**YOUR TASK**
Set down all of the data again, character for character.

[Items listed in a dataset]
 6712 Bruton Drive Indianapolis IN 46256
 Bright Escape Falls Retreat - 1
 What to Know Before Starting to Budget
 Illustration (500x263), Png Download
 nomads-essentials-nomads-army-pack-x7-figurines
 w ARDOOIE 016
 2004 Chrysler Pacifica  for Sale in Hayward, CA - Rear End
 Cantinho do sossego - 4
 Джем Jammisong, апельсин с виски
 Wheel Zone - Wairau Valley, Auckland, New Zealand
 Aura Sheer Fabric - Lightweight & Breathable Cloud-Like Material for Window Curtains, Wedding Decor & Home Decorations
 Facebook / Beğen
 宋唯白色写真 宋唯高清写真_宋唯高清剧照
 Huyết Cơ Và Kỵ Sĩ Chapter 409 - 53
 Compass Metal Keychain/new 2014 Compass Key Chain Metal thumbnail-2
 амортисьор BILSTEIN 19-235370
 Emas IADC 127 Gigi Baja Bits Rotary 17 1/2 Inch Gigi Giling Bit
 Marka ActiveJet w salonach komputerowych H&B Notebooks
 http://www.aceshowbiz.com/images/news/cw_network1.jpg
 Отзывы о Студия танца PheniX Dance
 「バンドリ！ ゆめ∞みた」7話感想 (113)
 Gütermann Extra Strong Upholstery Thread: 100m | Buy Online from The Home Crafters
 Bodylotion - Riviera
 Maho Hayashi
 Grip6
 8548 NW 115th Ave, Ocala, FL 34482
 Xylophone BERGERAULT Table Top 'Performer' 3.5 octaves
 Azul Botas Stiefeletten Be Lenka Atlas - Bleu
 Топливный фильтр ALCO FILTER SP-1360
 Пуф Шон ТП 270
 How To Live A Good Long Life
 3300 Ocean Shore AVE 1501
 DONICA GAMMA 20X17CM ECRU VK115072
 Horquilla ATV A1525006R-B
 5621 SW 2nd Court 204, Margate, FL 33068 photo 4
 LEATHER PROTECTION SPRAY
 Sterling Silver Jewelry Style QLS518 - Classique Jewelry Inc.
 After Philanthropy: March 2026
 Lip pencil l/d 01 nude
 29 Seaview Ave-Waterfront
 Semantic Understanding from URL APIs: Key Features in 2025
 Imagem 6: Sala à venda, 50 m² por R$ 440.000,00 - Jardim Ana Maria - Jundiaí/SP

**ANSWER BELOW**
 6712 Bruton Drive Indianapolis IN 46256
 Bright Escape Falls Retreat - 1
 What to Know Before Starting to Budget
 Illustration (500x263), Png Download
 nomads-essentials-nomads-army-pack-x7-figurines
 w ARDOOIE 016
 2004 Chrysler Pacifica  for Sale in Hayward, CA - Rear End
 Cantinho do sossego - 4
 Джем Jammisong, апельсин с виски
 Wheel Zone - Wairau Valley, Auckland, New Zealand
 Aura Sheer Fabric - Lightweight & Breathable Cloud-Like Material for Window Curtains, Wedding Decor & Home Decorations
 Facebook / Beğen
 宋唯白色写真 宋唯高清写真_宋唯高清剧照
 Huyết Cơ Và Kỵ Sĩ Chapter 409 - 53
 Compass Metal Keychain/new 2014 Compass Key Chain Metal thumbnail-2
 амортисьор BILSTEIN 19-235370
 Emas IADC 127 Gigi Baja Bits Rotary 17 1/2 Inch Gigi Giling Bit
 Marka ActiveJet w salonach komputerowych H&B Notebooks
 http://www.aceshowbiz.com/images/news/cw_network1.jpg
 Отзывы о Студия танца PheniX Dance
 「バンドリ！ ゆめ∞みた」7話感想 (113)
 Gütermann Extra Strong Upholstery Thread: 100m | Buy Online from The Home Crafters
 Bodylotion - Riviera
 Maho Hayashi
 Grip6
 8548 NW 115th Ave, Ocala, FL 34482
 Xylophone BERGERAULT Table Top 'Performer' 3.5 octaves
 Azul Botas Stiefeletten Be Lenka Atlas - Bleu
 Топливный фильтр ALCO FILTER SP-1360
 Пуф Шон ТП 270
 How To Live A Good Long Life
 3300 Ocean Shore AVE 1501
 DONICA GAMMA 20X17CM ECRU VK115072
 Horquilla ATV A1525006R-B
 5621 SW 2nd Court 204, Margate, FL 33068 photo 4
 LEATHER PROTECTION SPRAY
 Sterling Silver Jewelry Style QLS518 - Classique Jewelry Inc.
 After Philanthropy: March 2026
 Lip pencil l/d 01 nude
 29 Seaview Ave-Waterfront
 Semantic Understanding from URL APIs: Key Features in 2025
 Imagem 6: Sala à venda, 50 m² por R$ 440.000,00 - Jardim Ana Maria - Jundiaí/SP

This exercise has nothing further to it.